[Scraped caption text data]
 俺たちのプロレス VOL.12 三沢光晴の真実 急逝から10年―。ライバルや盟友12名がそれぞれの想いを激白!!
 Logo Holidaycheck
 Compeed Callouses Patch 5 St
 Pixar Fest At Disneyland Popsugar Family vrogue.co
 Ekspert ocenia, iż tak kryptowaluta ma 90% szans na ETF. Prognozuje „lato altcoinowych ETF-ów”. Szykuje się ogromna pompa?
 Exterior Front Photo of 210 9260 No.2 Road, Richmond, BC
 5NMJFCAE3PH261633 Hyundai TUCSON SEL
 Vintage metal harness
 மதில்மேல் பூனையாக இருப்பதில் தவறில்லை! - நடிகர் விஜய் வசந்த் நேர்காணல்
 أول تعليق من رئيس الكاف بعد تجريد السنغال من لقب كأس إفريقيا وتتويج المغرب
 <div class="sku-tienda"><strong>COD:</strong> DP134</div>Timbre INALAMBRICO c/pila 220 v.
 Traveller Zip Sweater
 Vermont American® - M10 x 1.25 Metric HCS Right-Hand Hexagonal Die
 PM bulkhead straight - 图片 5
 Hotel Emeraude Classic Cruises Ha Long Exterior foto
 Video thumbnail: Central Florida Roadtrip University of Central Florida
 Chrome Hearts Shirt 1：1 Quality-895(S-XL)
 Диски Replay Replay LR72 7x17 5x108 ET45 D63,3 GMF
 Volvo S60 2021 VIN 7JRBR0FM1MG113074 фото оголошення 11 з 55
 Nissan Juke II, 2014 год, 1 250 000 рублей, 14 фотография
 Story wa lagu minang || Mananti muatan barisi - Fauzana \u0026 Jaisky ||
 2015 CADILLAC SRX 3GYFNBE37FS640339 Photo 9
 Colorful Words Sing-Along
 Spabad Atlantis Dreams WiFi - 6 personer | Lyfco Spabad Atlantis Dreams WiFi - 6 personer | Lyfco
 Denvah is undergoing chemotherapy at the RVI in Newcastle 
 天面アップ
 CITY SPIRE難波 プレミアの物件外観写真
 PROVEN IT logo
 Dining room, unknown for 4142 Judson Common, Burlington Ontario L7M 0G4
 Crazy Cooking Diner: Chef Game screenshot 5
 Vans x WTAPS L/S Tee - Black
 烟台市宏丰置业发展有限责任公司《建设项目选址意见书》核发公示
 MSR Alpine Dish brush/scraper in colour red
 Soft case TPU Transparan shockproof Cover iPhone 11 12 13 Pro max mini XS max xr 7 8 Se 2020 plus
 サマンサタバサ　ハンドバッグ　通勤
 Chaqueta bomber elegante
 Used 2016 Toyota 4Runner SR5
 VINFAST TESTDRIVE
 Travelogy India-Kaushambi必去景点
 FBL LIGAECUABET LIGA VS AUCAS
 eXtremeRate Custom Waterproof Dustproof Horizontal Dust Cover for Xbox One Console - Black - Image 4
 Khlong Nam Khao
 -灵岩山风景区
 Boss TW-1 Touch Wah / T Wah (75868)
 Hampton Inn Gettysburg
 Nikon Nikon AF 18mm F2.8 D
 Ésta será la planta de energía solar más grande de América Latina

→ **Try it**
Could you output, exactly and with nothing else, the lines from the start of the records through the line containing "Colorful Words Sing-Along"?

→ **Task result**
 俺たちのプロレス VOL.12 三沢光晴の真実 急逝から10年―。ライバルや盟友12名がそれぞれの想いを激白!!
 Logo Holidaycheck
 Compeed Callouses Patch 5 St
 Pixar Fest At Disneyland Popsugar Family vrogue.co
 Ekspert ocenia, iż tak kryptowaluta ma 90% szans na ETF. Prognozuje „lato altcoinowych ETF-ów”. Szykuje się ogromna pompa?
 Exterior Front Photo of 210 9260 No.2 Road, Richmond, BC
 5NMJFCAE3PH261633 Hyundai TUCSON SEL
 Vintage metal harness
 மதில்மேல் பூனையாக இருப்பதில் தவறில்லை! - நடிகர் விஜய் வசந்த் நேர்காணல்
 أول تعليق من رئيس الكاف بعد تجريد السنغال من لقب كأس إفريقيا وتتويج المغرب
 <div class="sku-tienda"><strong>COD:</strong> DP134</div>Timbre INALAMBRICO c/pila 220 v.
 Traveller Zip Sweater
 Vermont American® - M10 x 1.25 Metric HCS Right-Hand Hexagonal Die
 PM bulkhead straight - 图片 5
 Hotel Emeraude Classic Cruises Ha Long Exterior foto
 Video thumbnail: Central Florida Roadtrip University of Central Florida
 Chrome Hearts Shirt 1：1 Quality-895(S-XL)
 Диски Replay Replay LR72 7x17 5x108 ET45 D63,3 GMF
 Volvo S60 2021 VIN 7JRBR0FM1MG113074 фото оголошення 11 з 55
 Nissan Juke II, 2014 год, 1 250 000 рублей, 14 фотография
 Story wa lagu minang || Mananti muatan barisi - Fauzana \u0026 Jaisky ||
 2015 CADILLAC SRX 3GYFNBE37FS640339 Photo 9
 Colorful Words Sing-Along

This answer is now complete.